▶ [Task item] Go to the line holding "ほうれい線　タルミが消える！<br />シワ・シミも薄くなる！" in the data below and repeat it exactly, then each line after it up to and including the one holding "幼儿园办公室主任工作计划例文与幼儿园办公室主任工作计划开头汇编_第3页". Omit pictures.

▶ [Given data]

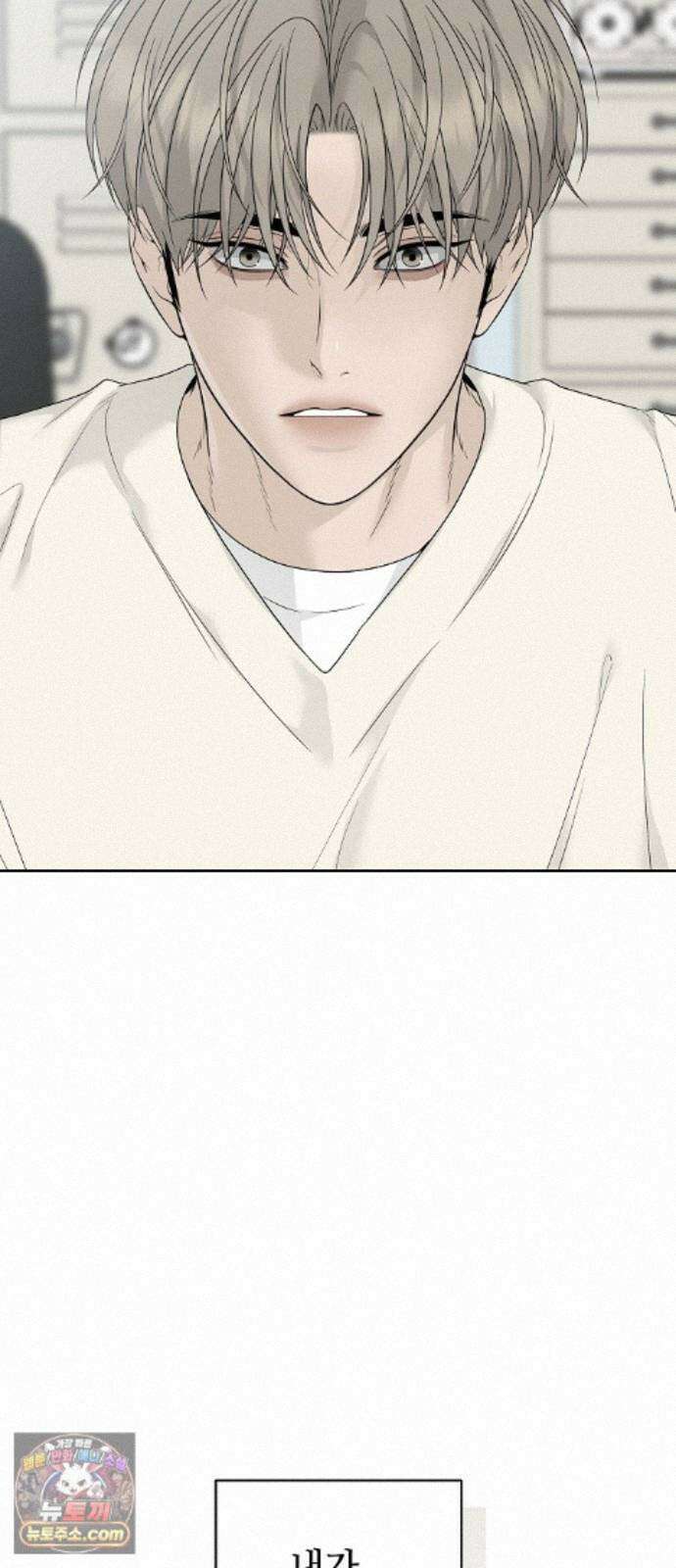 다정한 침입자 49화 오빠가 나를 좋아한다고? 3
---
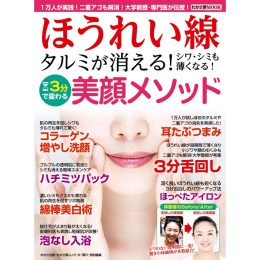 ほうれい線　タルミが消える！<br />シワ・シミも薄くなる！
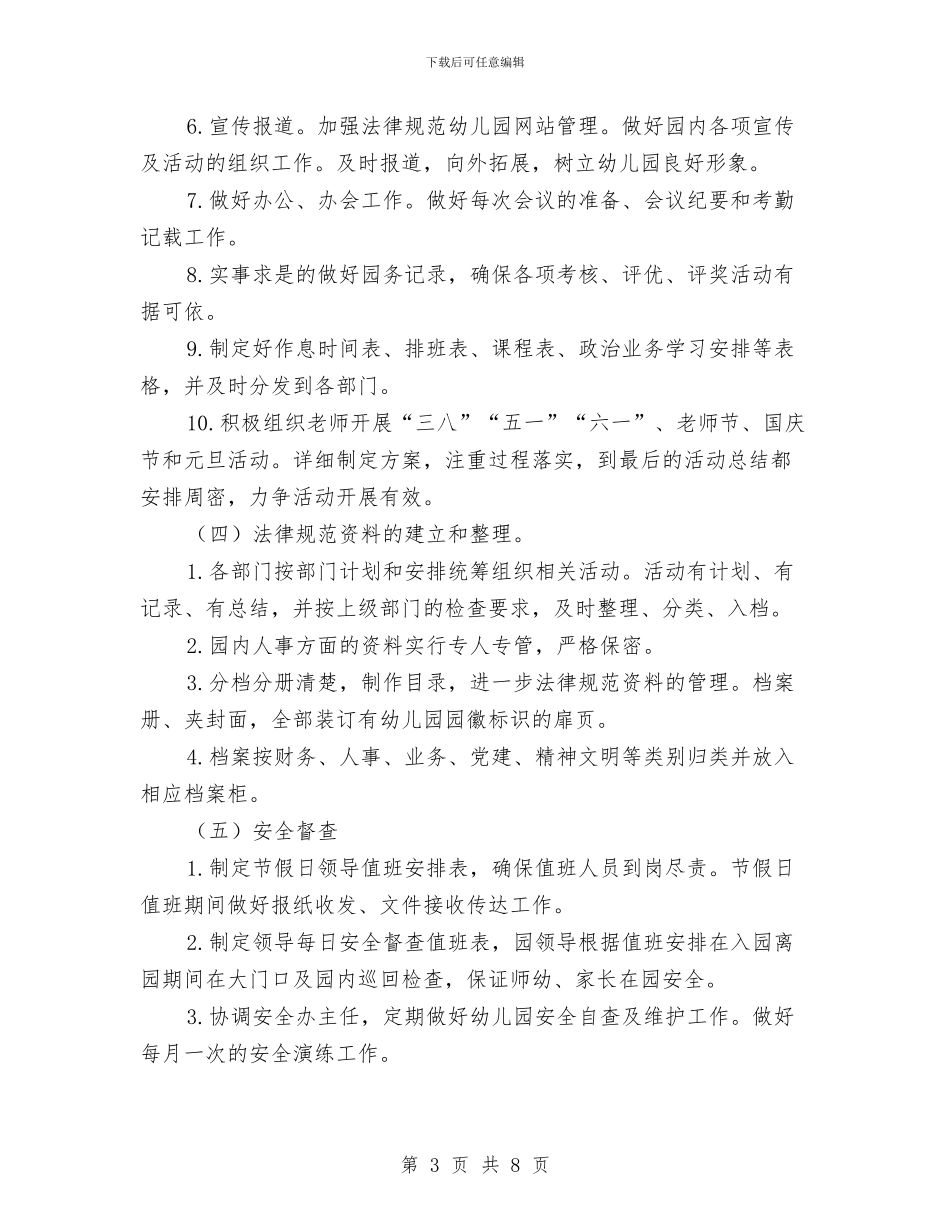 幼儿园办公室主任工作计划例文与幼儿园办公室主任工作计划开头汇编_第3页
==
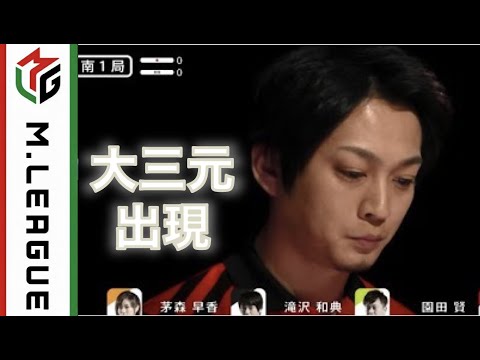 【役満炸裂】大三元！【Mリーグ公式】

▶ [Answer box]
 ほうれい線　タルミが消える！<br />シワ・シミも薄くなる！
 幼儿园办公室主任工作计划例文与幼儿园办公室主任工作计划开头汇编_第3页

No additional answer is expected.